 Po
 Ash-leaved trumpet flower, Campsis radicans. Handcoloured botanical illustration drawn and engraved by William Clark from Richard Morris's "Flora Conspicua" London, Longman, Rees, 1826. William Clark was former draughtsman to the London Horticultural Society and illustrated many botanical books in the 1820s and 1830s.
-------
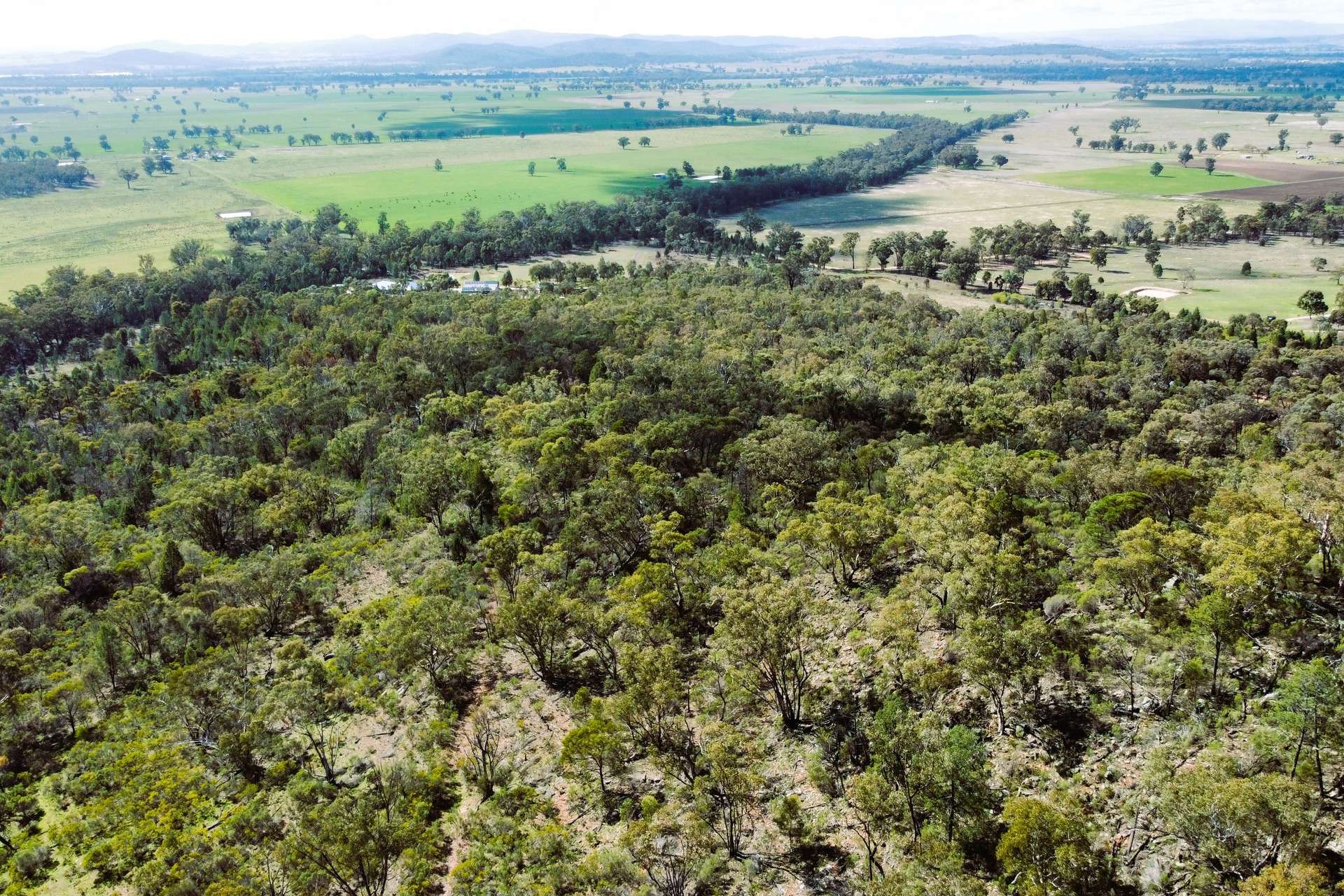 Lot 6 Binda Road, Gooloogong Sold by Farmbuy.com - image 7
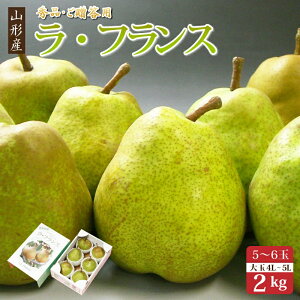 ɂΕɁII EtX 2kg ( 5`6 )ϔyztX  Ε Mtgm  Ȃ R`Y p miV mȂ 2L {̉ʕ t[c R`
-------
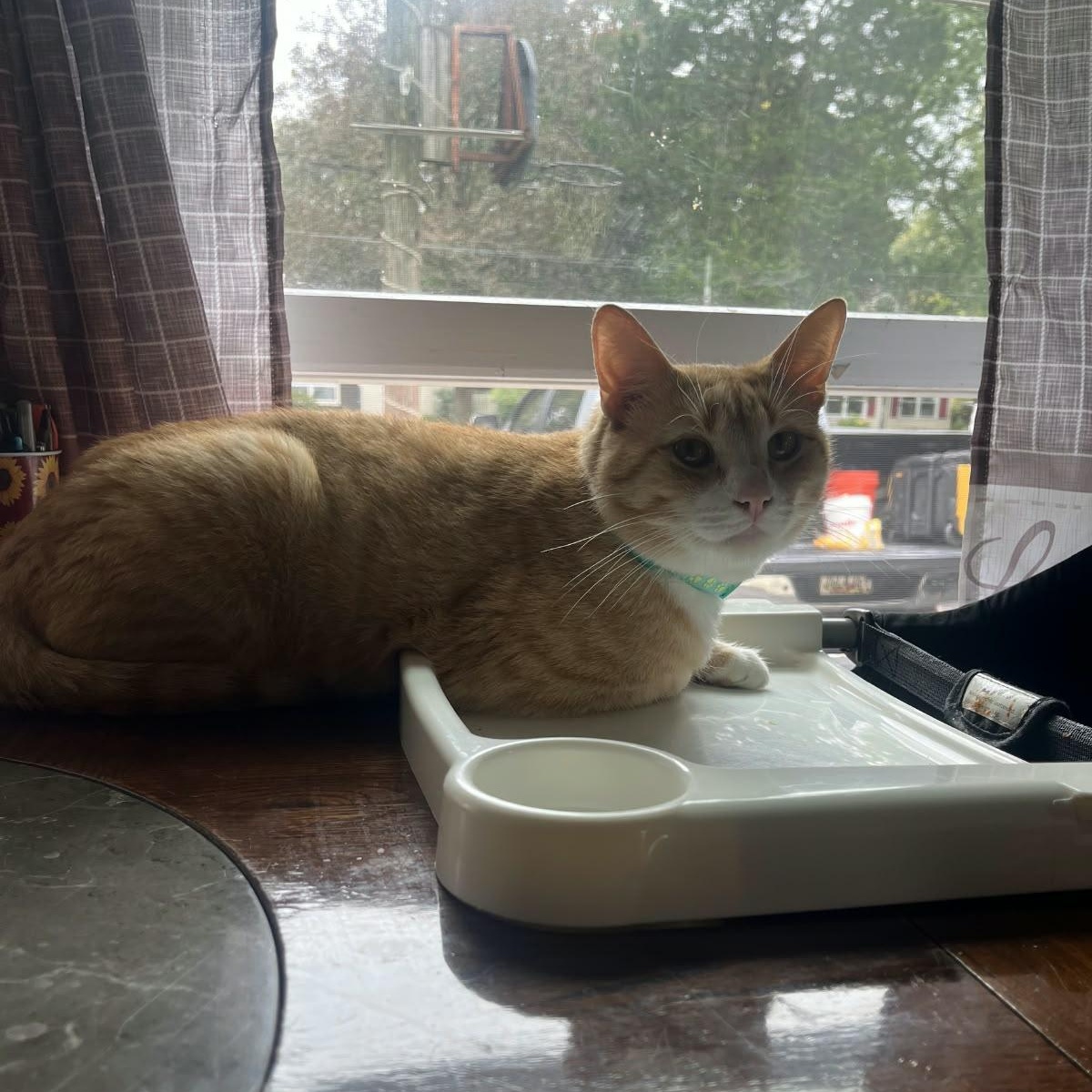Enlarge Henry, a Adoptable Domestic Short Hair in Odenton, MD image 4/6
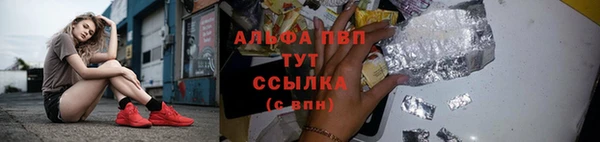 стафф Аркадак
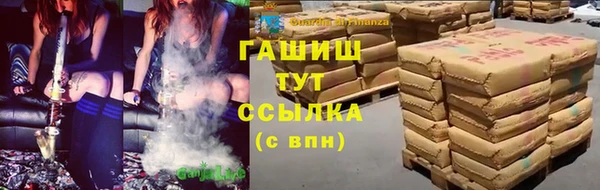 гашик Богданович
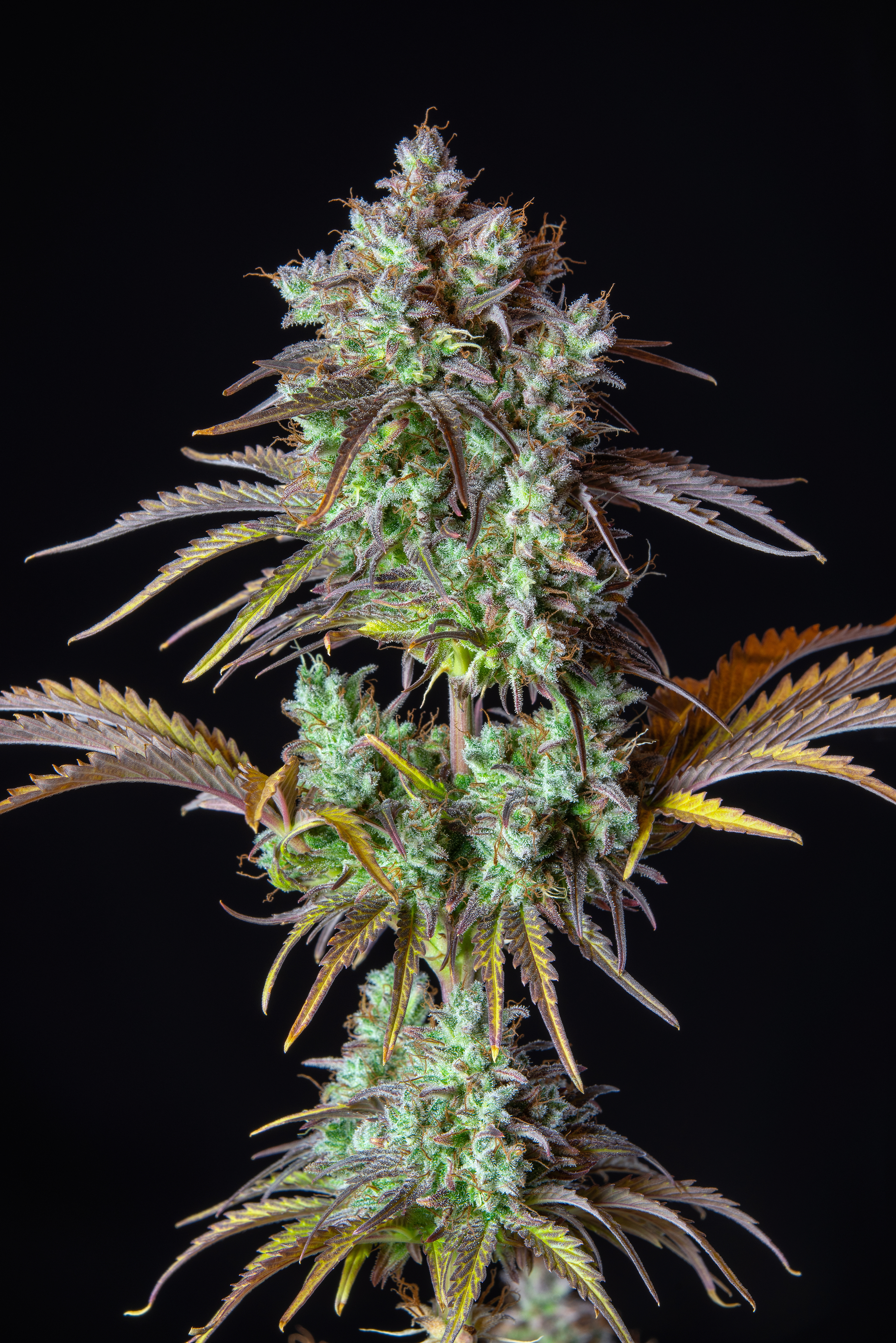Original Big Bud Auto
-------
▶ _ACTIVITY_
Set the pictures aside and reproduce exactly the lines above, from the line holding "стафф Аркадак" through the line holding "Original Big Bud Auto", both included, with nothing else.

▶ _RESULT OF THE TASK_
 стафф Аркадак
 гашик Богданович
Original Big Bud Auto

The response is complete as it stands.